TBM 32/52: The Form That Stole 20,531,250 Seconds
I met with a team recently that had added some basic measurement to a popular form in their product.
To their surprise, ~40% of form submission attempts resulted in a validation error. And ~80% of those validation errors were for two fields. The form had been active in their product for close to three years. Someone estimated that this had happened "1.3 million times, and cost users 20,531,250 seconds".
237 days of cumulative wasted human existence because of a form. The team was not happy. There were other similar workflows too!
No one had actually worked on the original form, so I couldn't ask my burning questions. But it got me thinking. I remember a time when this could have EASILY happened to me. No question.
But it would be less likely now. Why? What do I know now that I didn't know then?
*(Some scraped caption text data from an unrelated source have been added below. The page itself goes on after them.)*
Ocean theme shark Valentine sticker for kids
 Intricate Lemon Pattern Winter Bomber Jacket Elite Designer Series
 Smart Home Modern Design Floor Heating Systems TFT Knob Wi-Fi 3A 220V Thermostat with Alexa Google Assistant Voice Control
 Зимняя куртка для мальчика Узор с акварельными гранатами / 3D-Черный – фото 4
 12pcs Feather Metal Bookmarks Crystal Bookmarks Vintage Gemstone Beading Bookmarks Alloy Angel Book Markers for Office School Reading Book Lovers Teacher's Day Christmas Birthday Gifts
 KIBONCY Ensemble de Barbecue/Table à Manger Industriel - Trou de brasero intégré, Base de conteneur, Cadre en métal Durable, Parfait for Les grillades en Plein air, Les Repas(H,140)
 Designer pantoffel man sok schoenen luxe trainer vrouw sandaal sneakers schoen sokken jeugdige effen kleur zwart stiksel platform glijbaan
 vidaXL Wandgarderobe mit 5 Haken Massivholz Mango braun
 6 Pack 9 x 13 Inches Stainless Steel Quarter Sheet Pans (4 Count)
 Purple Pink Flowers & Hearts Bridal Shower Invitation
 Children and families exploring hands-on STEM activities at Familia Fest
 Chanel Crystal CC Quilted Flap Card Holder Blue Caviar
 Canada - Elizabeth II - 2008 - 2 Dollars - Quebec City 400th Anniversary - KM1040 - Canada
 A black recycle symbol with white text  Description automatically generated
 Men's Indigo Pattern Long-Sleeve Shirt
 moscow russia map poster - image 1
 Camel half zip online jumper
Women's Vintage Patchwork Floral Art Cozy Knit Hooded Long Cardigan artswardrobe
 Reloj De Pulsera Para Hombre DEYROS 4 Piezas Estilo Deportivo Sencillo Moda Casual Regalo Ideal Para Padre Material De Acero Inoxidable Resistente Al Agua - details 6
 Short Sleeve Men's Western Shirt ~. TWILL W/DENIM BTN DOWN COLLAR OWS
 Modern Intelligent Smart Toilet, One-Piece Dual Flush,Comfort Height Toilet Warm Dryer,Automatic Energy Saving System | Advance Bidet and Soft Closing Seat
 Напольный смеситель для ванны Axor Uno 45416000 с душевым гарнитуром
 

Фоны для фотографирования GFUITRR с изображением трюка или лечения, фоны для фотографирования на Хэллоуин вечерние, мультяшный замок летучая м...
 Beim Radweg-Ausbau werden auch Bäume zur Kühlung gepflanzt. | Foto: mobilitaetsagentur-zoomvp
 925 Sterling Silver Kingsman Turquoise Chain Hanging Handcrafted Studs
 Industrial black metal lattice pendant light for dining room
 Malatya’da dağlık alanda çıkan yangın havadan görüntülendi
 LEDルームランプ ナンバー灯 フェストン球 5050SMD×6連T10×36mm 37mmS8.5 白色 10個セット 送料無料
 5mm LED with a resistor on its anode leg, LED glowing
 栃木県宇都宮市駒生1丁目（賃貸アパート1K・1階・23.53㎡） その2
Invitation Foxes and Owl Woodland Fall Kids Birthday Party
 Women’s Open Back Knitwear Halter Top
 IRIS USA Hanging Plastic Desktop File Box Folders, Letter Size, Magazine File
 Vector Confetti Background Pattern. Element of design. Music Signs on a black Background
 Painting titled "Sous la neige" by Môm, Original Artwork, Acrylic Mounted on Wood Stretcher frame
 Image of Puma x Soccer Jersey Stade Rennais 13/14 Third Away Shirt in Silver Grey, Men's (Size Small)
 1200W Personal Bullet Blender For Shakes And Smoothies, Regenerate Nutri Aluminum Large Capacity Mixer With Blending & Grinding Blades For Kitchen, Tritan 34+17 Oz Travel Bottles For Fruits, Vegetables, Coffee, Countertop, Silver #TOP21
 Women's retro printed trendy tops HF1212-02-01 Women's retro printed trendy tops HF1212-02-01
I know that there's tons of research on forms. There's almost never a situation where you need to reinvent the wheel. My "this is not unique" radar is decent
I know I'm not an expert on those patterns, and I know how to tell if someone is an expert in those patterns
I've been in enough moderated usability testing sessions to know how wrong our intuition(s) can be. Even among amazing designers. I know how valuable these testing sessions are
I know that even with moderated usability testing things still crop up. Especially if you cater to diverse personas
I know to involve the team in this because diverse perspectives matter
I know I should instrument workflows. I have a rough idea of the questions that may come up. I know what to instrument
I know to make insights immediately accessible. Otherwise, no one will bother.
I know it is important to leave enough time for the work above
I know to only take jobs where the above is standard practice (and also know this is an absolute privilege)
I know product development is hard. Shit happens
I also know that the original form team could have known everything above, but might still have had trouble. Even #8. It is easy to assume a team will work this way, only to find out they don't once you start working there.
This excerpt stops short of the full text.